Material provided:
────────────────

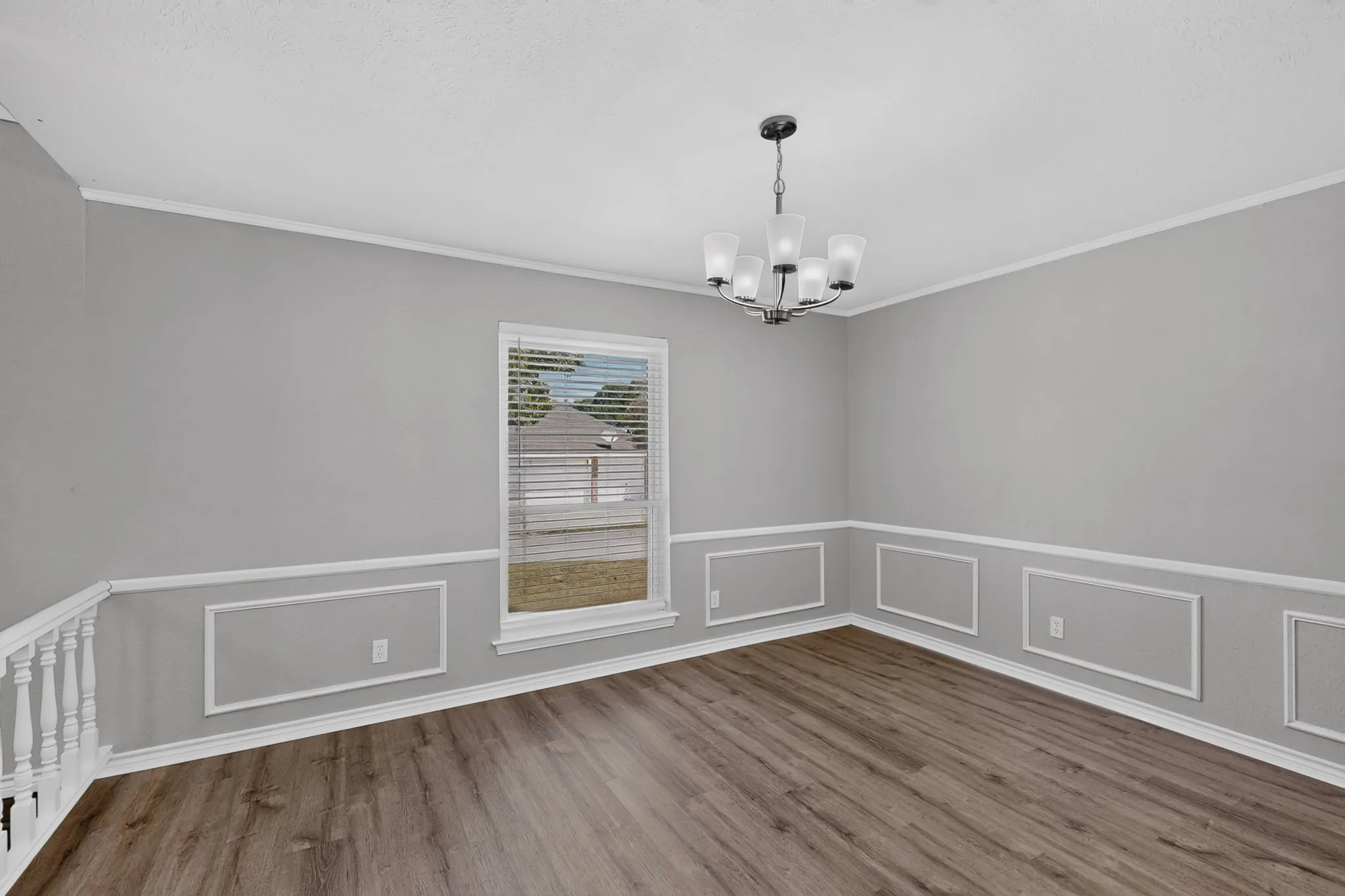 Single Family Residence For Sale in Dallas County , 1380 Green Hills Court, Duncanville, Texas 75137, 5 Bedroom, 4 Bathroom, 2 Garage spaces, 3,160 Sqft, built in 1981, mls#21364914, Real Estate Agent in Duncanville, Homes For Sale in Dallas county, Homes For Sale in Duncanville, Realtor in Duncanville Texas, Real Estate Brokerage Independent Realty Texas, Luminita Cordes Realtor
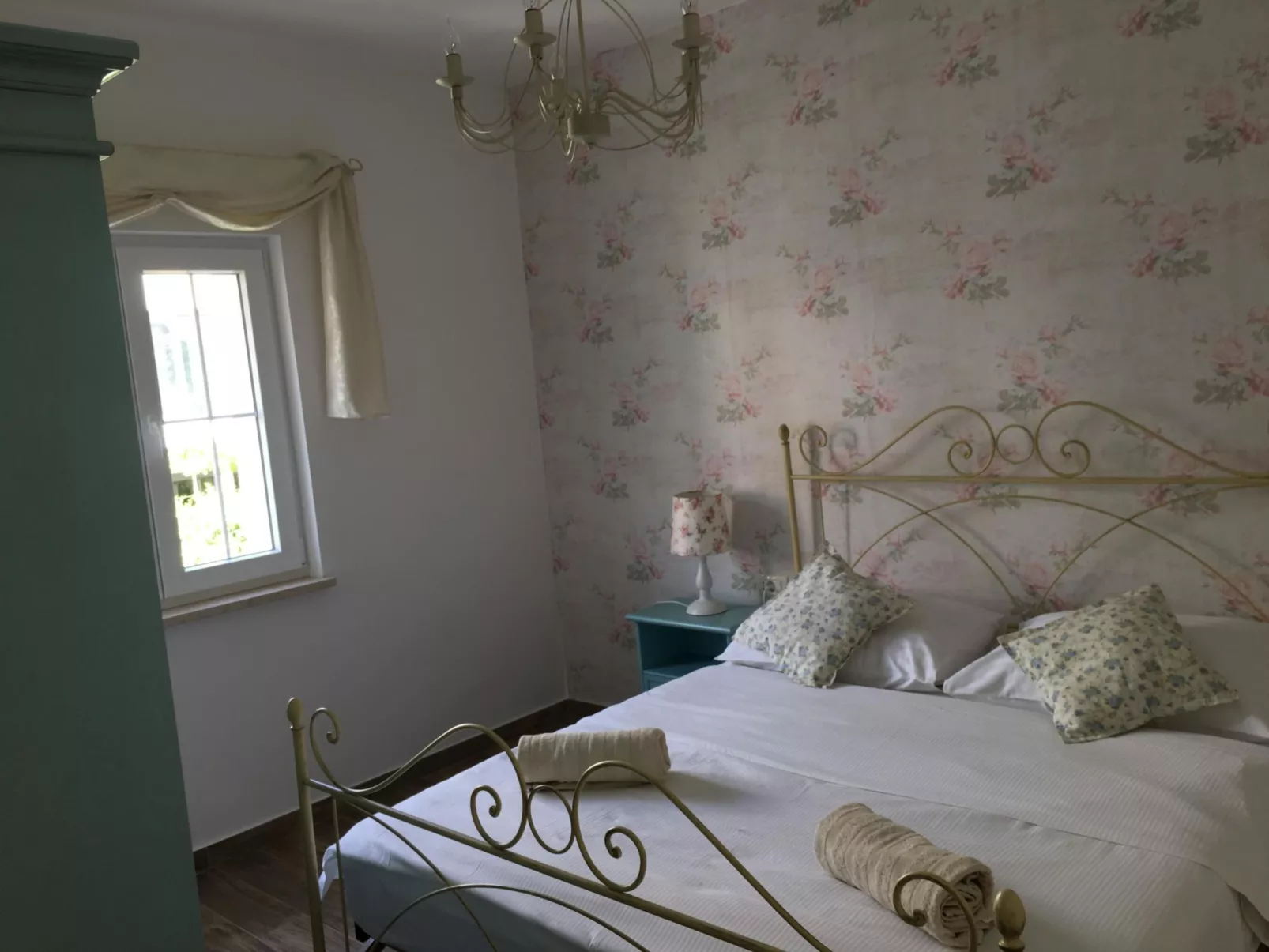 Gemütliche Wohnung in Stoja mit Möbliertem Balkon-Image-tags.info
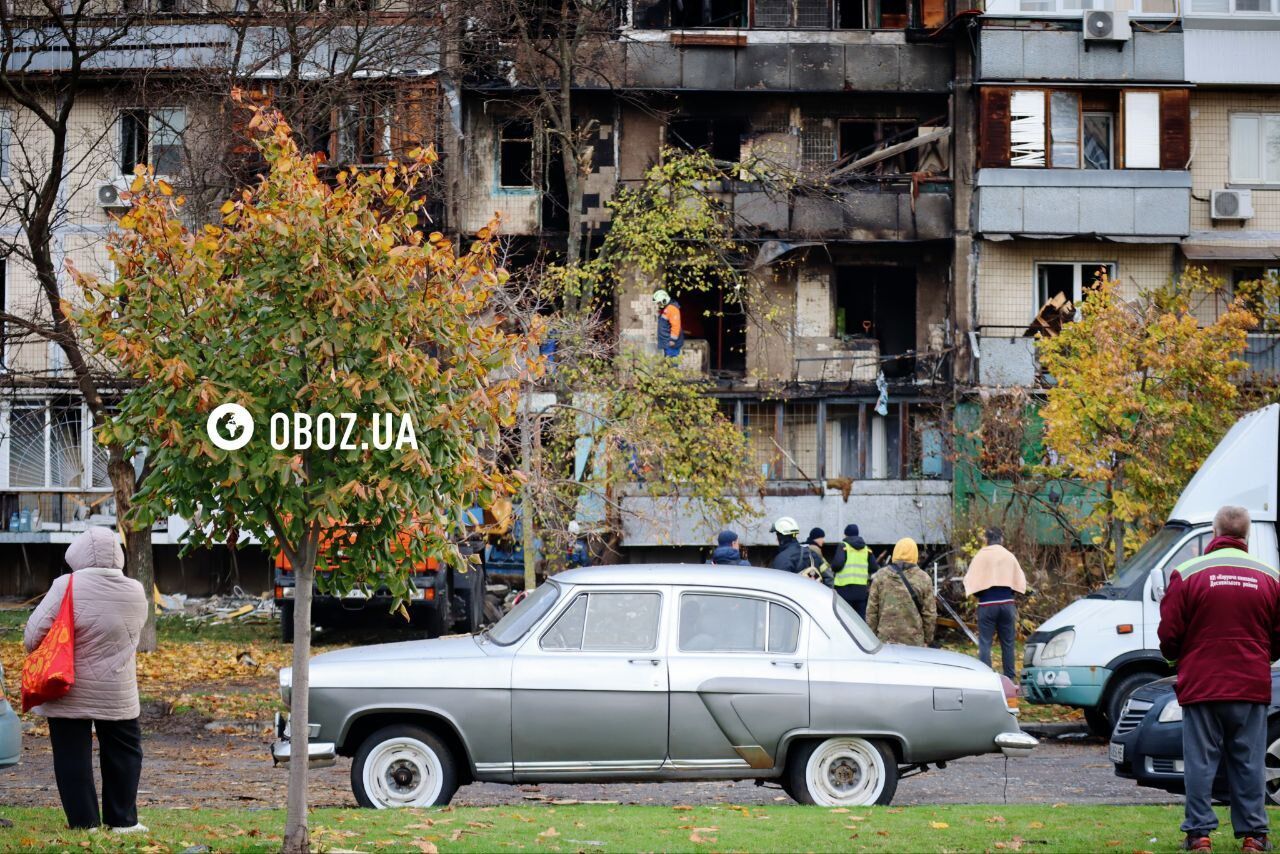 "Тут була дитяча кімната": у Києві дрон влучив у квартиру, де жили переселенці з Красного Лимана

────────────────

What to work on: When you return the listing, keep it exact and omit any pictures it holds.

Your solution:
 Single Family Residence For Sale in Dallas County , 1380 Green Hills Court, Duncanville, Texas 75137, 5 Bedroom, 4 Bathroom, 2 Garage spaces, 3,160 Sqft, built in 1981, mls#21364914, Real Estate Agent in Duncanville, Homes For Sale in Dallas county, Homes For Sale in Duncanville, Realtor in Duncanville Texas, Real Estate Brokerage Independent Realty Texas, Luminita Cordes Realtor
 Gemütliche Wohnung in Stoja mit Möbliertem Balkon-Image-tags.info
 "Тут була дитяча кімната": у Києві дрон влучив у квартиру, де жили переселенці з Красного Лимана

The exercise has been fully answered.